#### PROBLEM TO WORK ON:
Within the entries below, the lines from the one with "2023 Toyota Highlander Hybrid Platinum" through the one with "65 Rolling Green , Irvine, CA" are to be set down exactly, both ends kept.

Items listed in a dataset
----

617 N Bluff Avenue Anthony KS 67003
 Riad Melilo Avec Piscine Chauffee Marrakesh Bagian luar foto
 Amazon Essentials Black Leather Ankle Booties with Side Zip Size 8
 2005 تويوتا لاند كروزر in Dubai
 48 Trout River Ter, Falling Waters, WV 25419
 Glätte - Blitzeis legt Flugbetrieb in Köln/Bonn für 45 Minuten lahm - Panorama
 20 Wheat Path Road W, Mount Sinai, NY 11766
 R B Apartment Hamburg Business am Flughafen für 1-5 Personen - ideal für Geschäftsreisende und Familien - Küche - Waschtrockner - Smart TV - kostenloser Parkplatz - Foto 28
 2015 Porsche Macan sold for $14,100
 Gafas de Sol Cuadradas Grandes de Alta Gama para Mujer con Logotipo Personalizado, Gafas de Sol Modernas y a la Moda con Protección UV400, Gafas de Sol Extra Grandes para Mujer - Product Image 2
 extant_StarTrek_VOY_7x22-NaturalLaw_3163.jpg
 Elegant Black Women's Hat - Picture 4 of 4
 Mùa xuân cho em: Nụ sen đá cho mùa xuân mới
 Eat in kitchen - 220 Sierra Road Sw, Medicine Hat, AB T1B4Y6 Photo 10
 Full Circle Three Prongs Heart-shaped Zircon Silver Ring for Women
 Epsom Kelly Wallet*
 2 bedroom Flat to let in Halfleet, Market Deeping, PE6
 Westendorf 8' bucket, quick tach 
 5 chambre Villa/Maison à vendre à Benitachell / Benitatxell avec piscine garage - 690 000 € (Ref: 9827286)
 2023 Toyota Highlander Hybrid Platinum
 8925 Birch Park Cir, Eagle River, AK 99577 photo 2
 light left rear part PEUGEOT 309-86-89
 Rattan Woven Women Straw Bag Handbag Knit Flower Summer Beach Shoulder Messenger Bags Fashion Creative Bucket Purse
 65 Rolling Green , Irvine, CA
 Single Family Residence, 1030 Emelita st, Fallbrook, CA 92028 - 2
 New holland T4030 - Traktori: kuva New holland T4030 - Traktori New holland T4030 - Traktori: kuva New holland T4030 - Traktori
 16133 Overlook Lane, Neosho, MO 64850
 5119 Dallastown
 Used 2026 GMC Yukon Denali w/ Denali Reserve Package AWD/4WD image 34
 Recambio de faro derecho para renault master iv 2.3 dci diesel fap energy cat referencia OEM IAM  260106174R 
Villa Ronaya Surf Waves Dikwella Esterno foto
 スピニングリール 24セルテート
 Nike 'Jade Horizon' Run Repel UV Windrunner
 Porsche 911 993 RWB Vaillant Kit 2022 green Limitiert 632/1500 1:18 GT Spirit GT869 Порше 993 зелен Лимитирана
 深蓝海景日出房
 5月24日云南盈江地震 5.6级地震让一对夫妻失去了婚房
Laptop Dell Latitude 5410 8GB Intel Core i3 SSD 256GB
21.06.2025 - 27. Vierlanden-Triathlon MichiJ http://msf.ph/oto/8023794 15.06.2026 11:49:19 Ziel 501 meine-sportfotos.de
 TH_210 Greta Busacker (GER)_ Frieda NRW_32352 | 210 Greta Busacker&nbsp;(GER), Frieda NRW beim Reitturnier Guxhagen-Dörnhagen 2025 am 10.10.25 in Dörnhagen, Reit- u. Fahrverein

----

#### SOLVED PROBLEM:
 2023 Toyota Highlander Hybrid Platinum
 8925 Birch Park Cir, Eagle River, AK 99577 photo 2
 light left rear part PEUGEOT 309-86-89
 Rattan Woven Women Straw Bag Handbag Knit Flower Summer Beach Shoulder Messenger Bags Fashion Creative Bucket Purse
 65 Rolling Green , Irvine, CA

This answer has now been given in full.